When, for example, President Bush was recently defending our very extensive relationship with the Peoples Republic of China, a country which hasn't held and doesn't intent to hold democratic elections and whose human rights record makes Castro look like Snow White, he insisted that one was not likely to improve those conditions by trying to isolate the other country. Rather, he said, it was better to remain engaged with the offending country so as to influence it in the desired direction.

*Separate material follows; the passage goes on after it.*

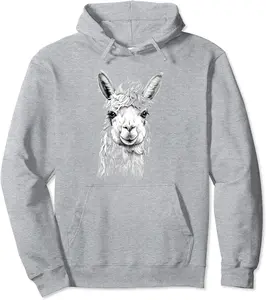 Funny Alpaca Llama, Funny Llama No Drama Alpaca Pullover Hoodie - Lydiagarcia Shop 64B0CHNWNN6C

This was the same argument Ronald Reagan made with respect to the Republic of South Africa. It is called constructive engagement, and while one might argue that Reagan was all too ready to whitewash almost anything the south African government did (just as one wonders if there is anything the Chinese could do that would offend Bush), it is difficult to argue that the policy of constructive engagement did not produce positive results in South Africa and that it is the wrong way to go in China.
Double Standard
But if such an approach would be counterproductive in China, why is it not expected be so in Cuba as well? Or, stated conversely, if we are prepared to follow a policy of constructive engagement with China, South Africa, and several other governments far less savory (Assad in Syria, for example, is a butcher, yet we give him economic assistance), why are we not prepared to try that approach with Cuba?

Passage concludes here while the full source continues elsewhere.